3 Haziran Salı gecesi, Suriye’nin Dera vilayetinden fırlatılan iki roketin işgal altındaki Golan Tepeleri’ndeki boş arazilere düşmesiyle gerilim tırmandı. Bunun üzerine İsrail, güney Suriye’ye topçu ve hava saldırıları düzenledi. Bu çatışma, Esed rejiminin düşmesinin ardından Aralık ayında iktidara gelen Suriye Devlet Başkanı Ahmed Şara dönemindeki ilk sınır ötesi saldırı olarak kayıtlara geçti.

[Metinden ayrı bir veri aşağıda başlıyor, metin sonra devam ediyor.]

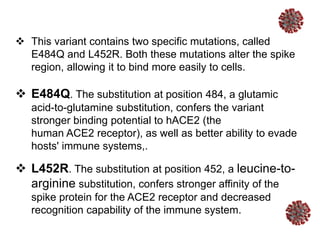  This variant contains two specific mutations, called
E484Q and L452R. Both these mutations alter the spike
region, allowing it to bind more easily to cells.
 E484Q. The substitution at position 484, a glutamic
acid-to-glutamine substitution, confers the variant
stronger binding potential to hACE2 (the
human ACE2 receptor), as well as better ability to evade
hosts' immune systems,.
 L452R. The substitution at position 452, a leucine-to-
arginine substitution, confers stronger affinity of the
spike protein for the ACE2 receptor and decreased
recognition capability of the immune system.
 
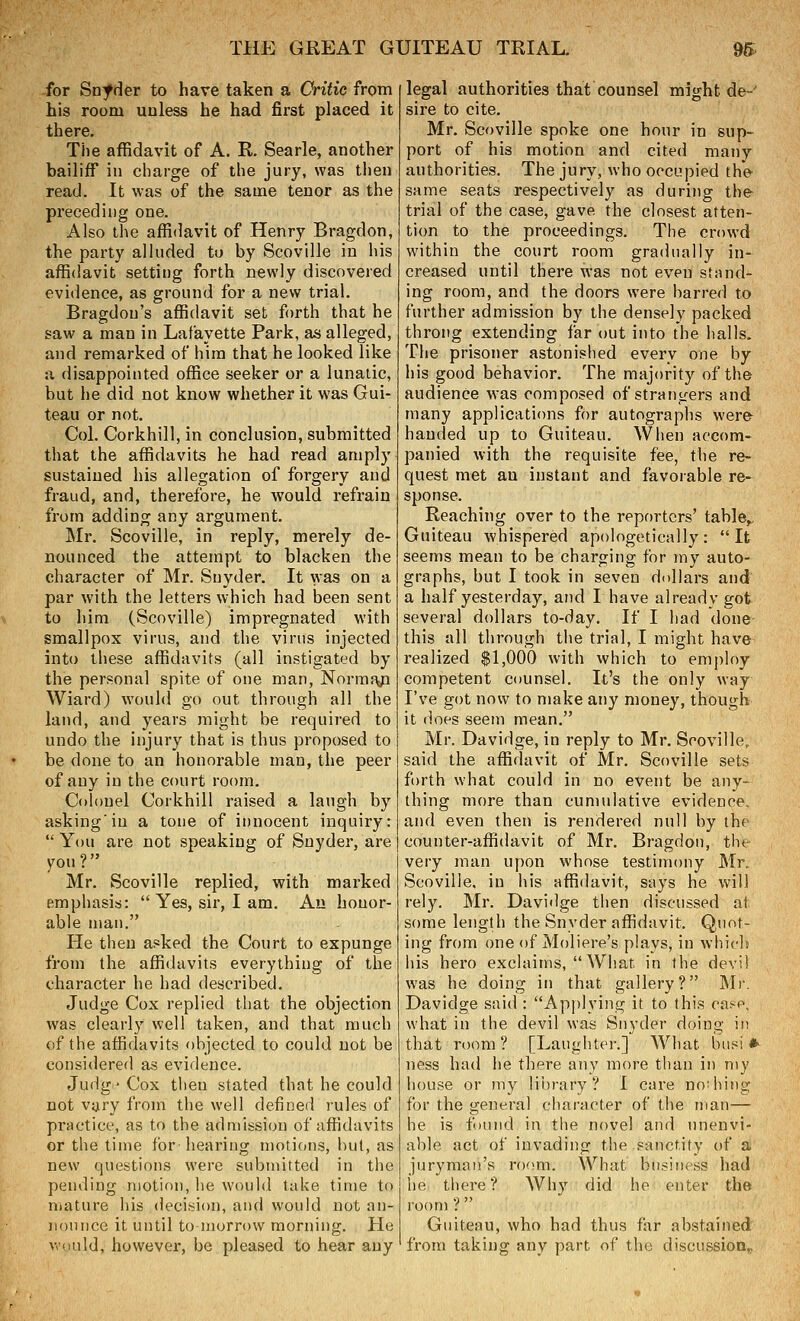 for Snfder to have taken a Critic from his room unless he had first placed it there. The affidavit of A. R. Searle, another bailiff in charge of the jury, was then read. It was of the same tenor as the preceding one. Also the affidavit of Henry Bragdon, the party alluded to by Scoville in his affidavit setting forth newly discovered evidence, as ground for a new trial. Bragdon's affidavit set forth that he saw a man in Lafayette Park, as alleged, and remarked of hira that he looked like a disappointed office seeker or a lunatic, but he did not know whether it was Gui- teau or not. Col. Corkhill, in conclusion, submitted that the affidavits he had read amply sustained his allegation of forgery and fraud, and, therefore, he would refrain from adding any argument. Mr. Scoville, in reply, merely de- nounced the attempt to blacken the character of Mr. Snyder. It was on a par with the letters which had been sent \ to him (Scoville) impregnated with smallpox virus, and the virus injected into these affidavits (all instigated by the personal spite of one man, Normaja Wiard) would go out through all the land, and years might be required to undo the injury that is thus proposed to be done to an honorable man, the peer of any in the court room. Colonel Corkhill raised a laugh by asking'in a tone of innocent inquiry:  You are not speaking of Snyder, are 70U? Mr. Scoville replied, with marked emphasis:  Yes, sir, I am. Au honor- able man. He then asked the Court to expunge from the affidavits everything of the character he had described. Judge Cox replied that the objection was clearly well taken, and that much of the affidavits objected to could not be considered as evidence. Judg' Cox then stated that he could not vary from the well defined rules of practice, as to the admission of affidavits or the time for-hearing motions, hut, as new questions were submitted in the pending motion, he would take time to mature his decision, and would not an- nounce it until tomorrow morning. He v,'<iuld, however, be pleased to hear any legal authorities that counsel might de-' sire to cite. Mr. Scoville spoke one hour in sup- port of his motion and cited many authorities. The jury, who occupied the same seats respectively as during the^ trial of the case, gave the closest atten- tion to the proceedings. The crowd within the court room gradually in- creased until there was not even stand- ing room, and the doors were barred to further admission by the densely packed throng extending far out into the halls. The prisoner astonished everv one by his good behavior. The majority of the audience was composed of strangers and many applications for autographs wer& handed up to Guiteau. When accom- panied with the requisite fee, the re- quest met an instant and favorable re- sponse. Reaching over to the reporters' table,^ Guiteau whispered apologetically: It seems mean to be charging for my auto- graphs, but I took in seven dollars and a half yesterday, and I have already got several dollars to-day. If I had done this all through the trial, I might have realized $1,000 with which to employ competent counsel. It's the only way I've got now to make any money, though it does seem mean. Mr. Davidge, in reply to Mr. Scoville, said the affidavit of Mr. Scoville sets forth what could in no event be any- thing more than cumulative evidence, and even then is rendered null by the counter-affidavit of Mr. Bragdon, the very man upon whose testimony Mr. Scoville. in his affidavit, says he will rely. Mr. Davidge then discussed at some length the Snyder affidavit. Quot- ing from one of Moliere's plays, in whicl? his hero exclaims, What in the devi! was he doing in that gallery? JNIr. Davidge said : Applying it to this case, what in the devil was Snyder doing in that room ? [Laughter.] What biisi * ness had he there any more than in my house or my library? I care nothing for the general character of the man— he is found in the novel and tinenvi- able act of invading the sanctity of a juryman's room. What business had he there? Why did he enter the room ?  Guiteau, who had thus far abstained from taking any part of the discussion^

Saldırganlar Belirsiz, İsrail’in Tepkisi Sert Oldu
İsrail ordusu, roketlerin can kaybına yol açmadan açık arazilere düştüğünü doğruladı. Buna karşılık olarak İsrail güçleri, Saham el-Golan, Yermük Havzası ve Tel el-Mal gibi çeşitli bölgeleri topçu ateşine tutarken, insansız hava araçları da bölgede keşif yaptı. Çarşamba sabahının erken saatlerinde ise Dera ve Kuneytra’daki silah depolarını hedef alan hava saldırıları gerçekleştirildi.
Kendilerine “Şehit Muhammed ed-Deyf Tugayları” adını veren bir grup, roket saldırısının sorumluluğunu üstlendi. Hamas’ın eski askeri komutanının adını taşıyan bu iddia bağımsız olarak doğrulanamazken, Hamas grubun kendileriyle bir bağlantısı olmadığını açıkladı. Analist Charles Lister ise, İran bağlantılı ve Şubat ayında ortaya çıkan “Ketaib Evveli el-Bass” adlı bir başka grubun da sorumluluk iddia ettiğini belirtti.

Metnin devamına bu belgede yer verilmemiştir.